If you start from the position that Miranda warning were meant for “us” and not “them,” and mix in a healthy dose of terrorism fear with a dash of blind faith in government, then Volokh Conspirator, former federal judge turned lawprof Paul Cassell seems to have done us a favor by clearing up the lingering question : Isn’t it time to codify the exception to Miranda for terrorists?
No need to sweat the details. Cassell has his exception already laid out.
Because there appears to be some legal uncertainty about whether the public safety exception covers terrorist investigations, it would be useful for Congress to weigh in on the subject and clearly express its view. Here’s one way a statute covering terrorist investigations could be drafted:
¨“When a law enforcement officer questions any suspect arrested for terrorist offenses found in chapter 113B of Title 18, or comparable offenses under state law, a situation involving the public safety shall automatically be deemed to exist and the officer need not provide any advice of rights to the suspect. Any voluntary statements made by the suspect shall be admissible in any prosecution thereafter brought by the United States or by the District of Columbia.”
From Cassell’s perspective, he’s covered all the bases. After all, no right-thinking American would question whether terrorists, identified as any person a law enforcement officer arrests for “terrorist offenses found in chapter 113B of Title 18, or comparable offenses under state law,” deserve rights. They’re terrorists, for crying out loud. We should presume they know what cave Osama’s in, and where the next bomb will explode. And really, between us Americans, they wouldn’t give us the time of day, so why give it to them?
Cassell’s exception contains two absolutely remarkable things:
1. It creates an “automatic public safety exception,” meaning that the whole rationale behind New York v. Quarles, dubious to begin with, is tossed out the window. Call someone a terrorist and get a free interrogation. No imminent public safety concern? No problem.

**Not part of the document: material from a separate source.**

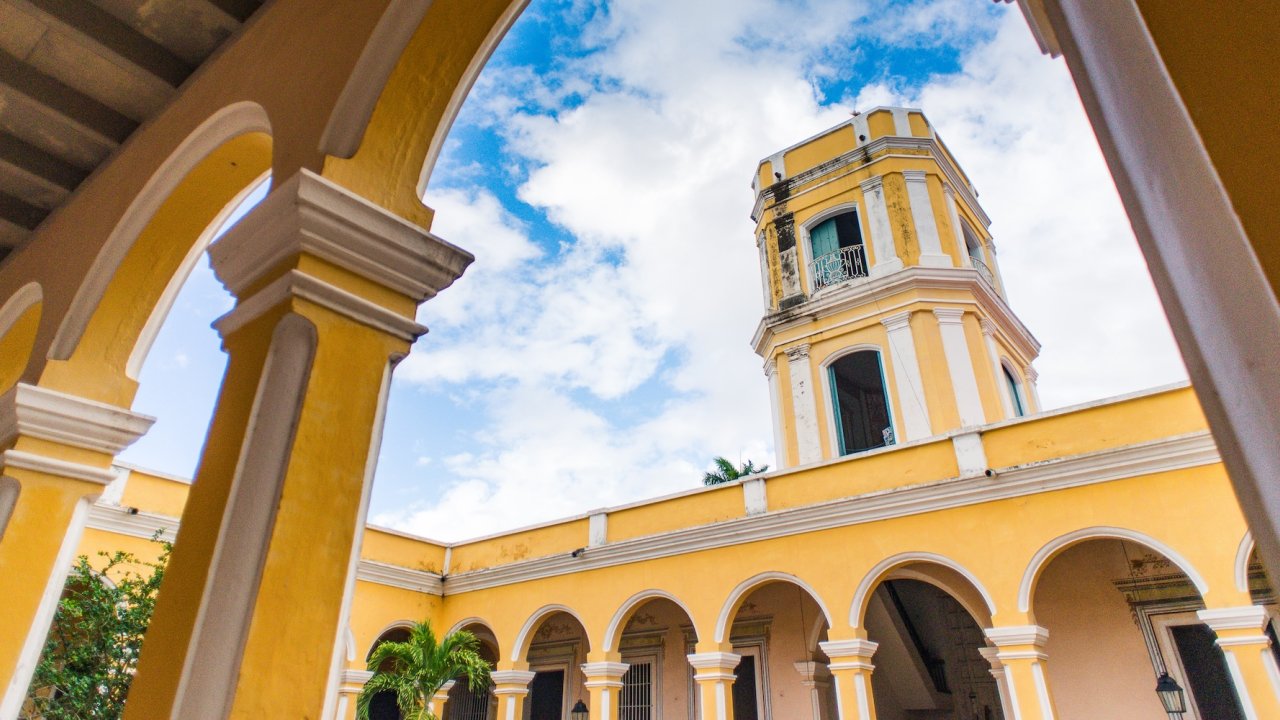 View of Havana’s colorful colonial architecture and bell tower framed by arches, showcasing the city’s charm and history on a weekend in Havana travel tour.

2. “Voluntary” statements, sans Miranda, “shall be admissible.” In this context, it would appear that voluntary refers to statements that do not require a rubber hose. The Reid Technique, obviously, does not render statements involuntary.
It’s fairly easy to understand why, from the position of a person inclined to repose absolute trust in the government and to buy into the nonsensical fear mongering that’s been used so effectively to manipulate public opinion, this codification makes infinite sense. It’s similarly easy to understand why those who are less inclined to turn over the keys to the castle to the G-men would be less enamored with this codification.
This exception begins with the codification of the presumption of guilt. Arrested? Close enough. It then opens a hole big enough to drive a car bomb through, that the person arrested need only be “suspected” of a terrorist crime. If that’s not enough, the terrorist crime could be one under 18 USC 113B or “comparable state laws,” like terrorist jaywalking. Don’t laugh. Notice how the word “terrorist” appears before every alleged “threat” lately?
But what’s striking is that this codification memorializes the failing of “remembering the rubric while forgetting the rationale.” The public safety exception of Quarles, already a police scam if courts were so inclined, would be automatically disconnected from interrogation. No issue of public safety at all? No problem. Terrorist claim = no Miranda, a simple equation.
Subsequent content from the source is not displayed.